§ What is required
Please repeat exactly the lines from the one containing "Review de gorro" through the last line of the records, both included, and nothing else, leaving out any pictures.
─── Source material
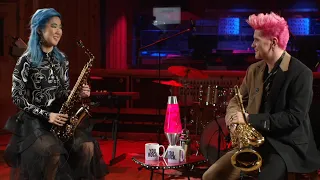 Learn Bending, Growling and Vibrato on Saxophone with Grace Kelly and Leo P
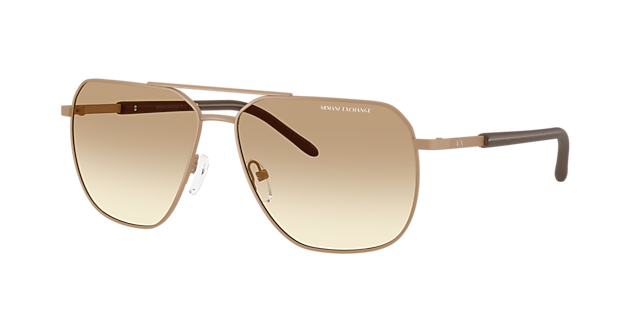 Armani Exchange AX2057S - Frame: Brown / Lens: Brown
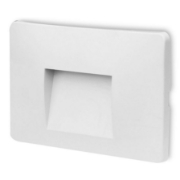 Imagine Spot LED pătrat, 3W, 3000K, IP65, VEKTA-B SQ, alb, 210LM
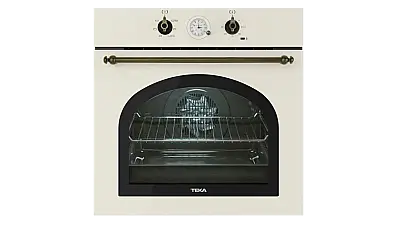 Teka HAK 627 R AT Vanilya 65 Litre 6 Fonksiyon Fırın 111010037
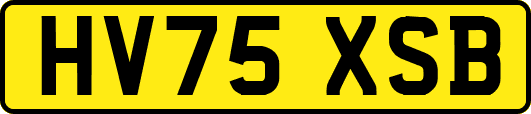 HV75XSB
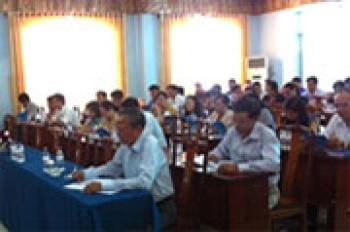 Triển khai học tập Nghị quyết Đại hội Công đoàn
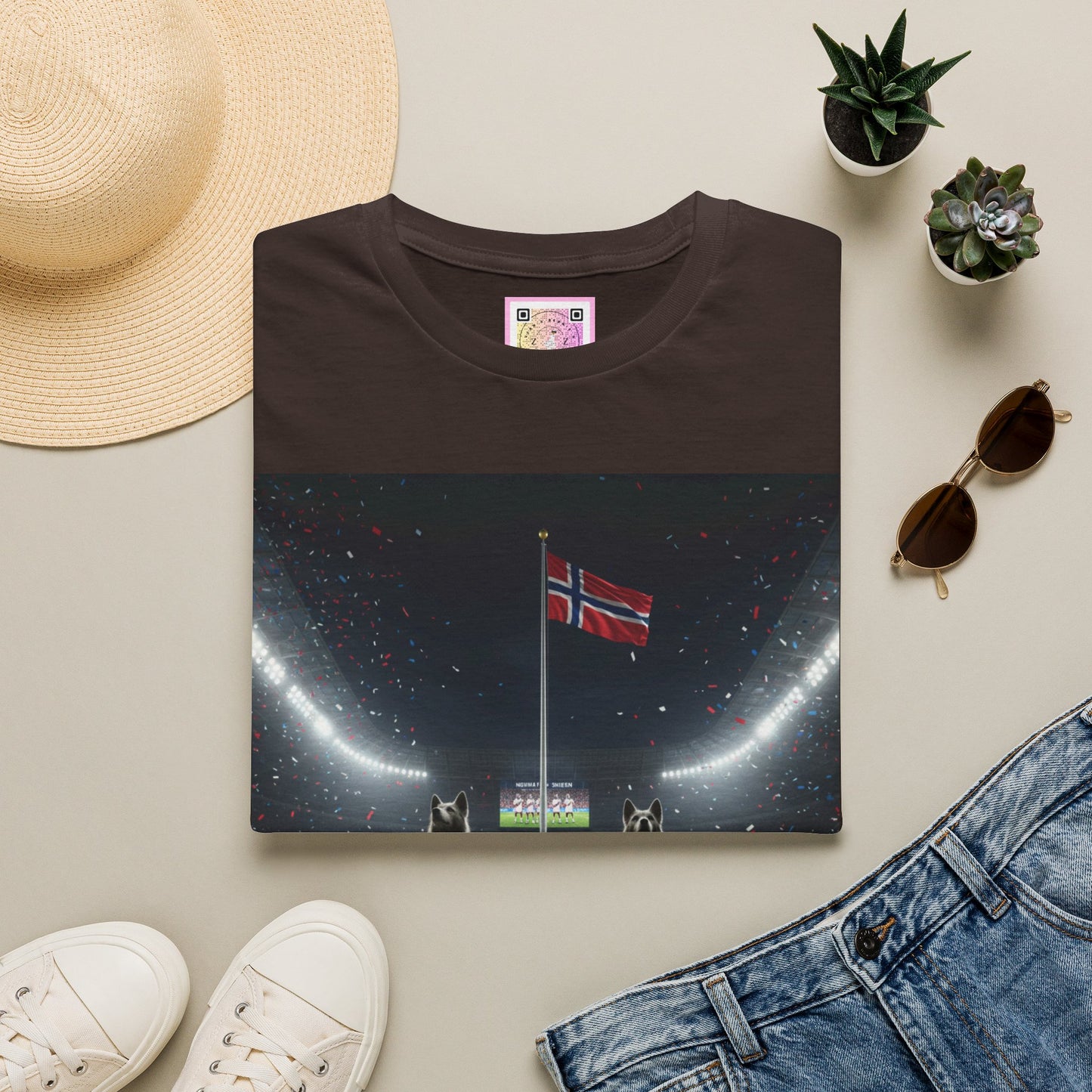 Norway Flag Championship T-Shirt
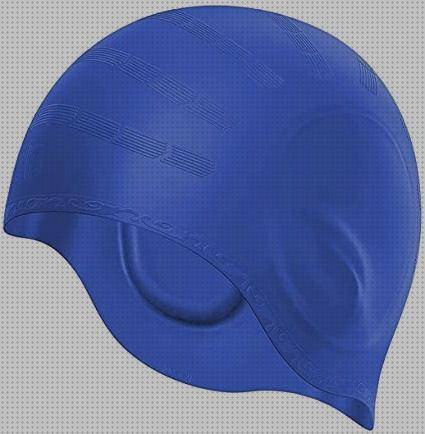 Review de gorro de natacion con diseño ergonómico 3d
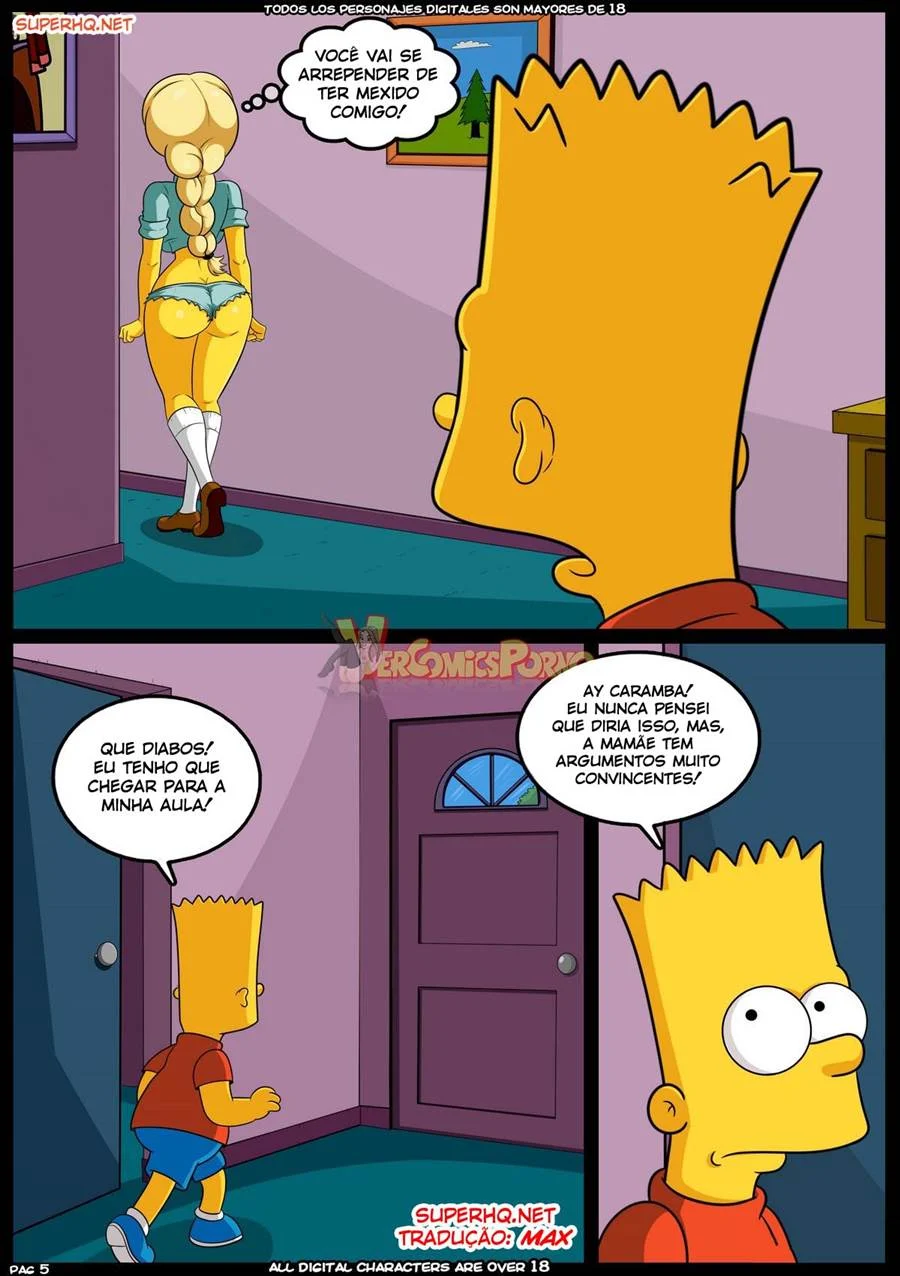 Hentai dos Simpsons: Quadrinhos Obscenos de Sexo Explícito Hentai dos Simpsons: Quadrinhos Obscenos de Sexo Explícito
──────
§ Written answer
 Review de gorro de natacion con diseño ergonómico 3d
 Hentai dos Simpsons: Quadrinhos Obscenos de Sexo Explícito Hentai dos Simpsons: Quadrinhos Obscenos de Sexo Explícito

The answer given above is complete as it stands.